I “ficundiani” che adesso si lasciano marcire sulle “palette”, venivano raccolte ad una una per essere mangiate come pranzo e come cena e per essere conservate “subba u chjiancatu” fino a Natale. E allora le spine diventavano un fastidioso ostacolo verso il piacere. “Turuzzu ndi munda” solo una quantità limitata, tanti quanto bastano per non trasformare il piacere in sofferenza: conosce benissimo le conseguenze di un abuso di questo frutto così succoso e traditore. “U mpittamiantu è in agguato e le urla di dolore dei ragazzi ingordi che ne avevano abusato sono ancora nelle orecchie di coloro che hanno più di cinquant’anni.

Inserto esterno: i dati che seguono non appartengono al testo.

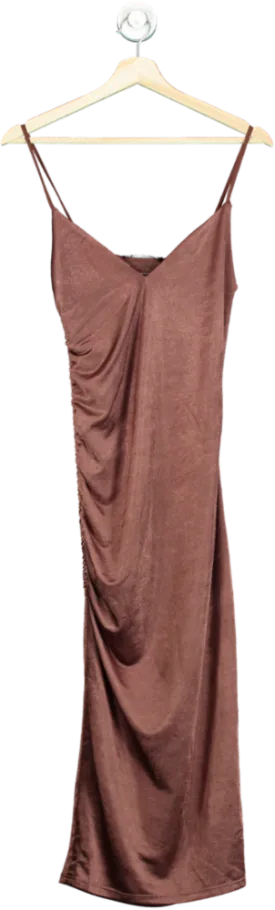 Zara Brown Ruched Midi Dress UK S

Le mosse necessarie per “mundarle alla perfezione sono effettivamente meno di 12, sono 5 per la precisione, ma avrei scattato centinaia di fotografie a quelle mani per riuscire a coglierne non la perizia, ma ciò che rappresentano nella memoria di chi a mani come quelle deve tutto; e forse la mia non era soltanto curiosità fotografica ma il pagamento riconoscente di un debito contratto tanto, tanto tempo fa.